In early December, natural gas production in the Permian has been averaging a record 14.2 Bcf/d, a gain of 1 Bcf/d in only six months. That rapid pace of growth is putting pressure on every aspect of midstream infrastructure — gas gathering systems, processing plants, and takeaway pipelines — and resulting in a variety of efforts aimed at ensuring there will be sufficient capacity in place to support the increasing gas volumes being produced. New gas-gathering mileage is being added, some new processing plants are being built, and at least a couple of new large-diameter pipelines from the Permian to the Gulf Coast are being considered. However, reflecting the midstream sector’s financial discipline, there’s also a big push to make fuller use of existing assets, in some cases by relocating processing plants, compressors, and other assets to where they are needed most.
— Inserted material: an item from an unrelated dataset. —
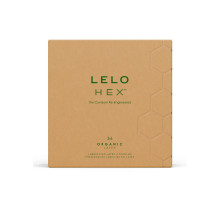 Презервативи LELO HEX Condoms Organic 36 Pack, тонкі та суперміцні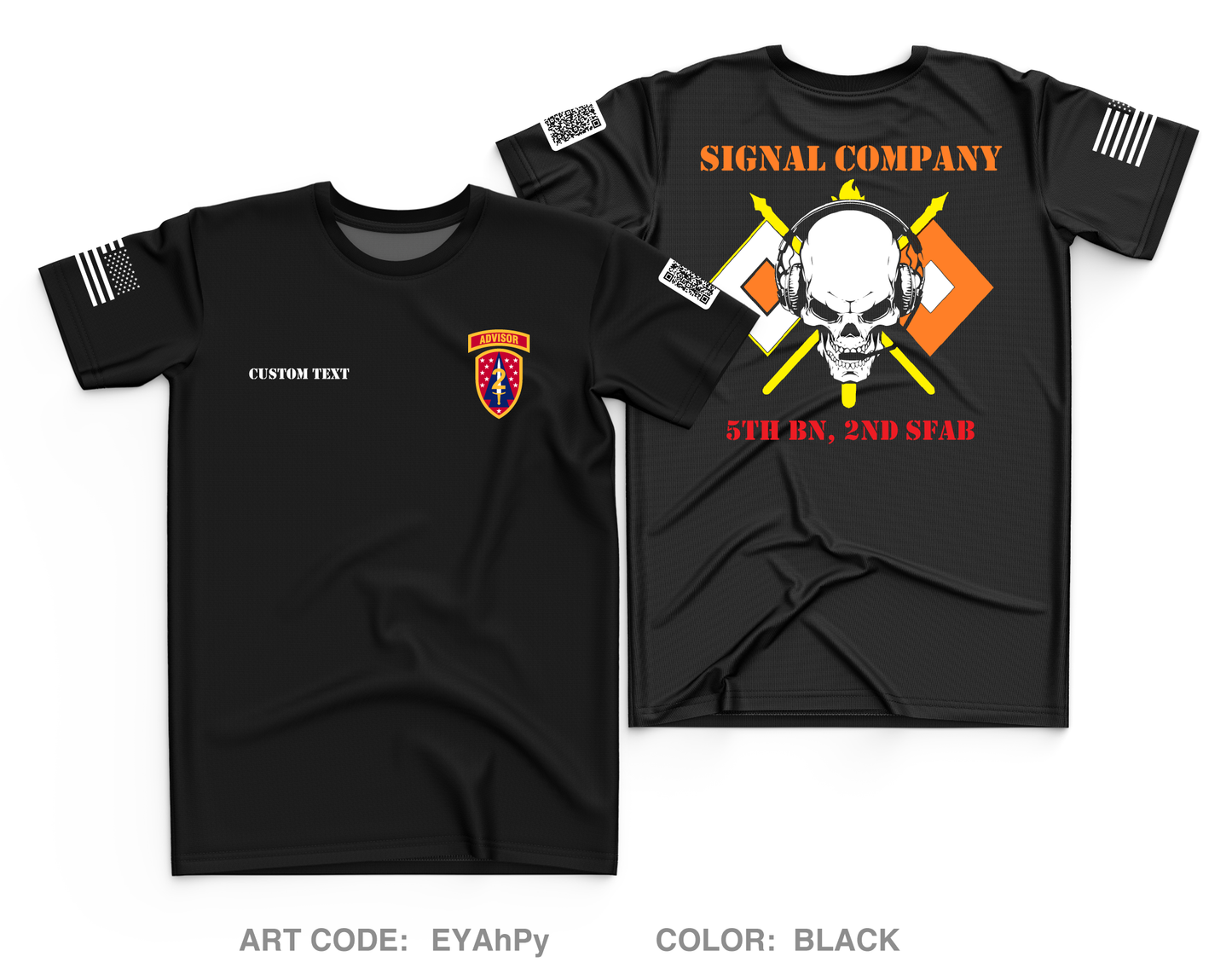 CUSTOM C Co, 5th BN, 2 SFAB Core Men's SS Performance Tee - EYAhPy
In today’s RBN blog, we discuss the latest gas-related infrastructure developments in the Permian’s Midland and Delaware basins.
As we said a few months ago in One Step Ahead, Permian natural gas production has roughly doubled in the past four years, spurring the build-out of billions of dollars in gas-related assets. These projects include innumerable miles of new gathering pipeline, more than new 50 gas processing plants, and a number of new takeaway pipelines, most recently the 2.1-Bcf/d Permian Highway Pipeline and the 2-Bcf/d Whistler Pipeline, which started up in January and July of this year, respectively.
There also have been two pipeline additions within the Permian this fall. In October, Energy Transfer completed its Permian Bridge project, which involved the conversion of 55 miles of an existing 24-inch-diameter NGL pipeline between the Midland and Delaware basins to rich-gas service. Permian Bridge now enables 115 MMcf/d of associated gas with high NGL content to be transported from the Midland to underutilized processing plants in the Delaware. Energy Transfer noted during its November 3 earnings call that the pipeline’s capacity could easily be expanded to 200 MMcf/d. In mid-November, a 70/30 joint venture of Summit Midstream Partners and ExxonMobil’s XTO Energy started up its 1.35-Bcf/d Double E Pipeline, which runs 135 miles from the Eddy/Lea county line in New Mexico to the Waha gas hub in Pecos County, TX. Summit Midstream has said that pipeline will run near about 30 processing plants with a combined capacity of about 10 Bcf/d.